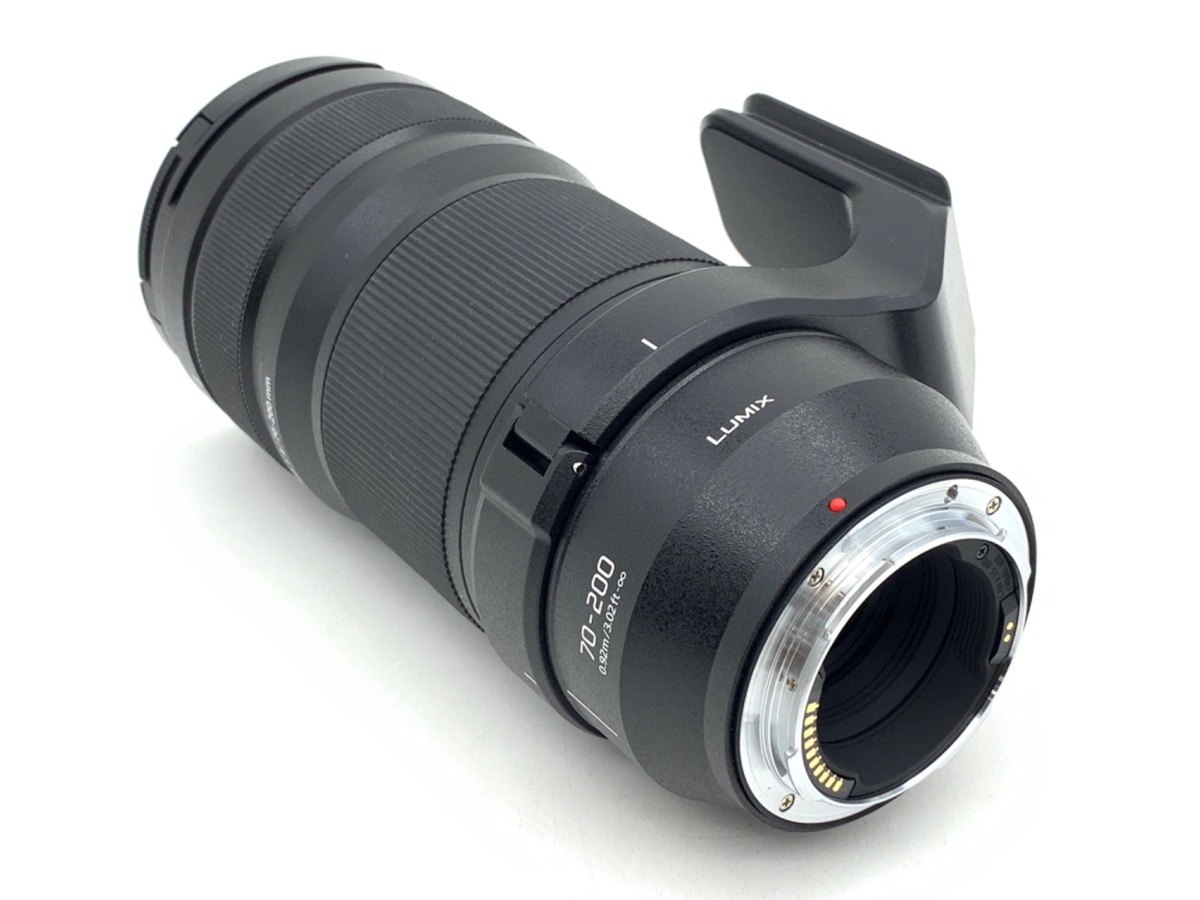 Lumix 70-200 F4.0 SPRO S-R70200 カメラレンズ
━━━━━━━━
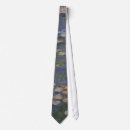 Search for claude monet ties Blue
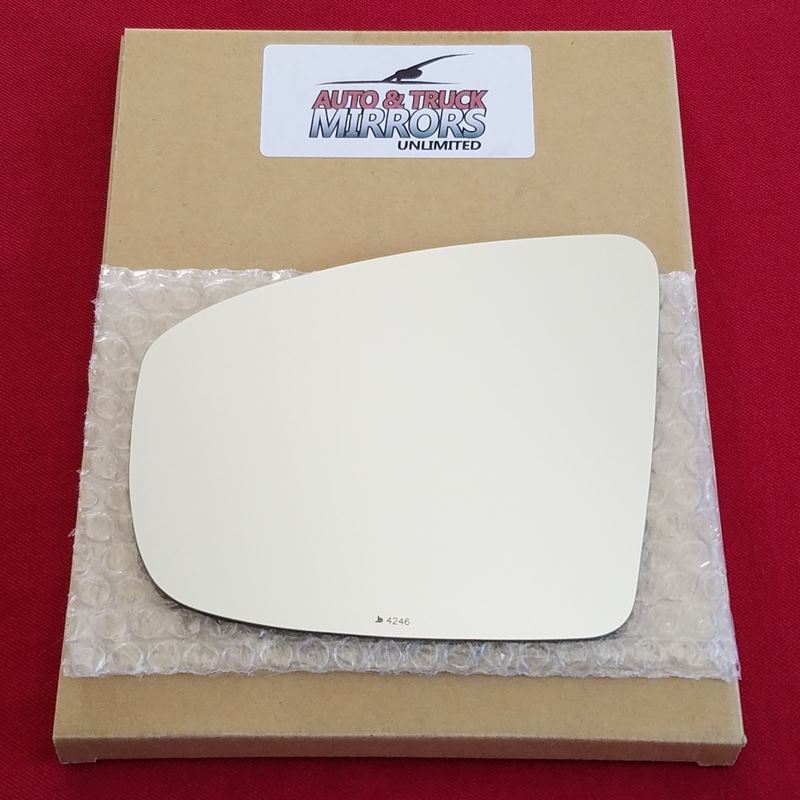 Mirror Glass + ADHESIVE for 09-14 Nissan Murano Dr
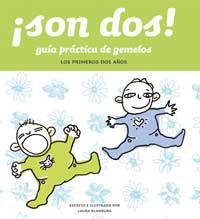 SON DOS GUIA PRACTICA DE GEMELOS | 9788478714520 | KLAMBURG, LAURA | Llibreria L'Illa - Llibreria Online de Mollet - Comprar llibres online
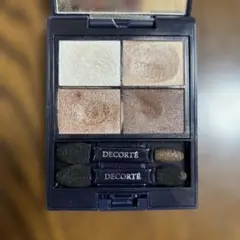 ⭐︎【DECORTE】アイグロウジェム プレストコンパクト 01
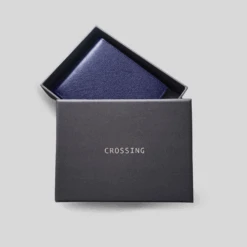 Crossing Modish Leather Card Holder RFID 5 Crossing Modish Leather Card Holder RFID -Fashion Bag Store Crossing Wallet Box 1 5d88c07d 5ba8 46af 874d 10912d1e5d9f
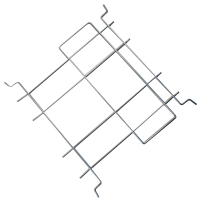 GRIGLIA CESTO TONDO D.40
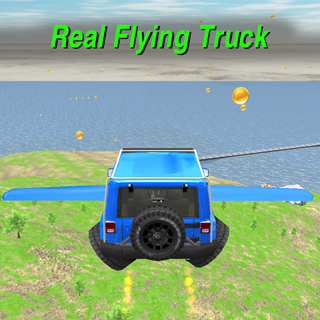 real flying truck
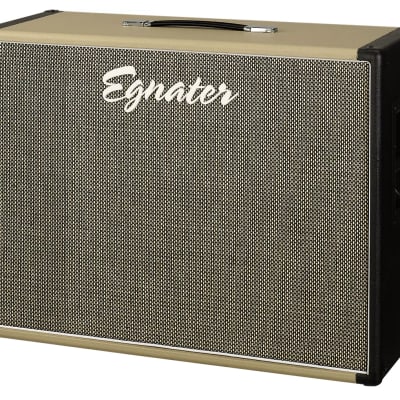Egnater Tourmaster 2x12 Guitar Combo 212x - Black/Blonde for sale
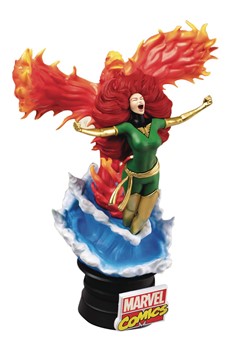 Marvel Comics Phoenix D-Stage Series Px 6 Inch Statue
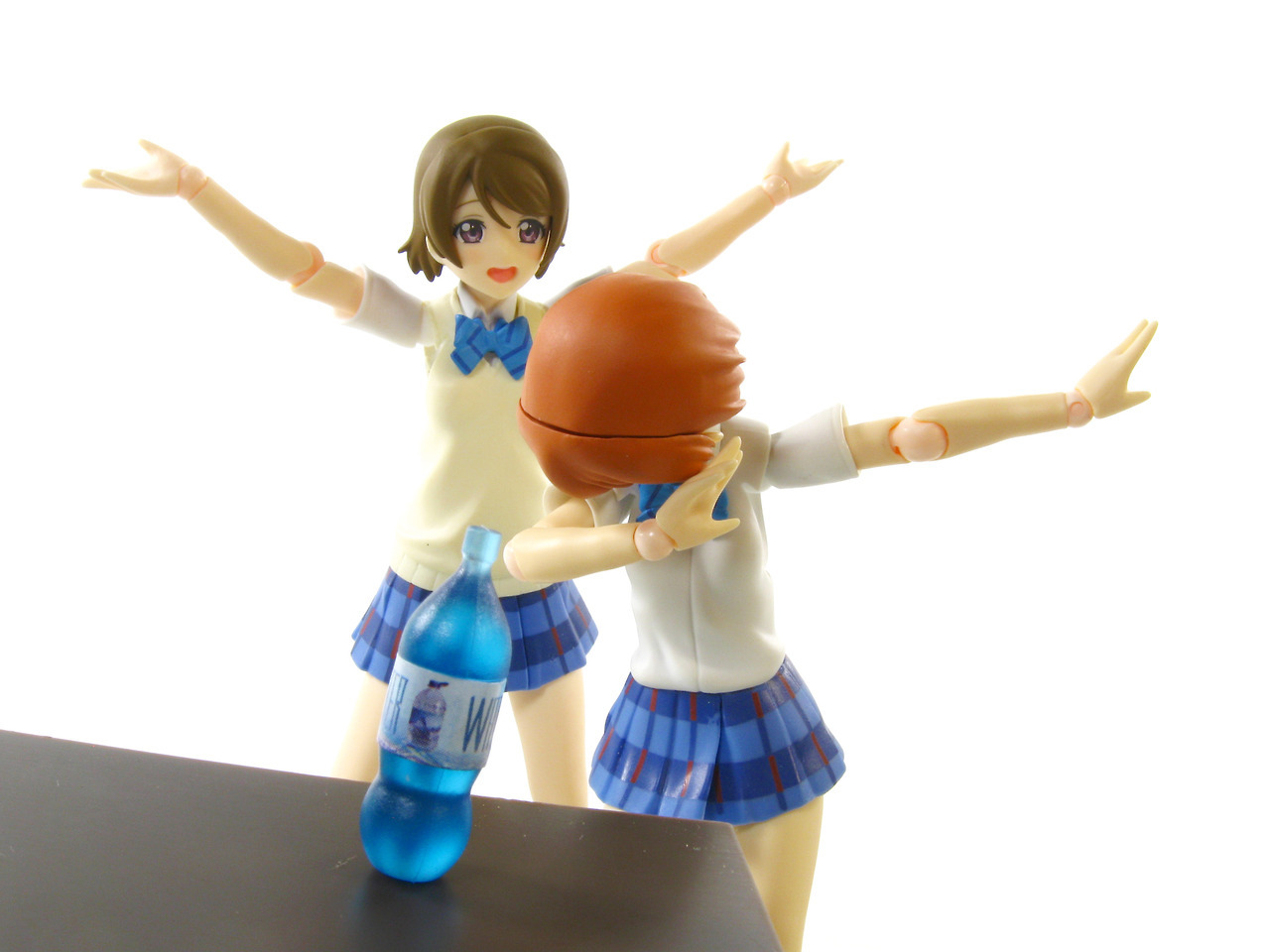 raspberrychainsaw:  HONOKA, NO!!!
━━━━━━━━
# Prompt
Above, find the line holding "Mirror Glass +" and the line holding "Marvel Comics Phoenix". Print exactly those two lines and every line between them, but no pictures.

# Answer for the task
 Mirror Glass + ADHESIVE for 09-14 Nissan Murano Dr
 SON DOS GUIA PRACTICA DE GEMELOS | 9788478714520 | KLAMBURG, LAURA | Llibreria L'Illa - Llibreria Online de Mollet - Comprar llibres online
 ⭐︎【DECORTE】アイグロウジェム プレストコンパクト 01
 Crossing Modish Leather Card Holder RFID 5 Crossing Modish Leather Card Holder RFID -Fashion Bag Store Crossing Wallet Box 1 5d88c07d 5ba8 46af 874d 10912d1e5d9f
 GRIGLIA CESTO TONDO D.40
 real flying truck
Egnater Tourmaster 2x12 Guitar Combo 212x - Black/Blonde for sale
 Marvel Comics Phoenix D-Stage Series Px 6 Inch Statue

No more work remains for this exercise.